LISPs are regulated in terms of the Financial Advisers and Intermediaries Act (FAIS), and therefore have very stringent requirements in place to safeguard investors’ interests. For example, they are required to have a nominee structure in place that separates an investor’s assets from that of the LISP administrator. There are strict audit requirements too, while professional indemnity insurance on the part of the administrator must be held.
Most LISPs are owned by large corporates. The recent events unfolding with a particular local LISP (where the nominee and the LISP were placed into curatorship) was indeed an unusual and unfortunate event.
“It does however highlight the security in the safety of a large corporate balance sheet and the continuity of businesses in the event of unseen events unfolding in the management of the LISP business,” he says. Credit ratings are generally a good benchmark in viewing one LISP over another.

Non-performing LISPs

It is fair to say that there is enormous complexity involved in the administration of a LISP business and service levels may fluctuate because of this. This is further exacerbated by an acute shortage of skilled and experienced service agents and administrators.

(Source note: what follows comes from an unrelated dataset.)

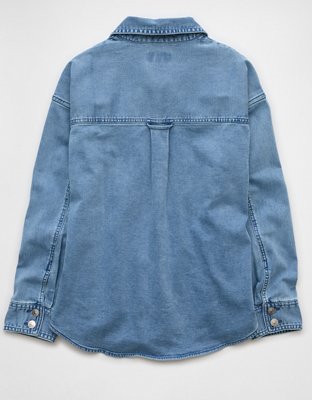 Женские рубашки American Eagle AE Dreamy Drape Cozy Long-Sleeve Button-Up Denim Shirt — фото 4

However, it is likely that any service deficiencies are temporary as administration is a core requirement, one that is essential for a LISP to perform. Pressures in terms of shareholders and new business strain will quickly address non-performance.
“While there may be some merit in working through more than one LISP, on balance, financial advisers should also consider the following matters, before arriving at such a decision.”
In having all of your business with one LISP, you increase your leverage in terms of fee negotiations. Often, LISPs will have different fee structures for financial advisers who hold different levels of assets with them. If you spread your business too thinly across multiple LISPs, you could lose any potential bargaining power.
Some LISPs offer investors the benefit of ‘fee aggregation’ for clients. This means that if clients have multiple investment contracts with one LISP, they benefit from a fee sliding scale. If client contracts are spread amongst several LISPs, the investor will lose this benefit.
“Never under-estimate the value of strategic relationships with the management of a LISP,” says Mr Hinton. “When it knows that you are committed to a long-term sustainable relationship, you are likely to get much more ‘air time’ with management. This helps you to work through any difficulties that may arise from time to time.”
It is much easier to align your ‘back-office’ and standardise your client reporting when you receive standardised client data. When you work with multiple LISPs, the format of reports will vary and this compounds your client administration reporting complexity.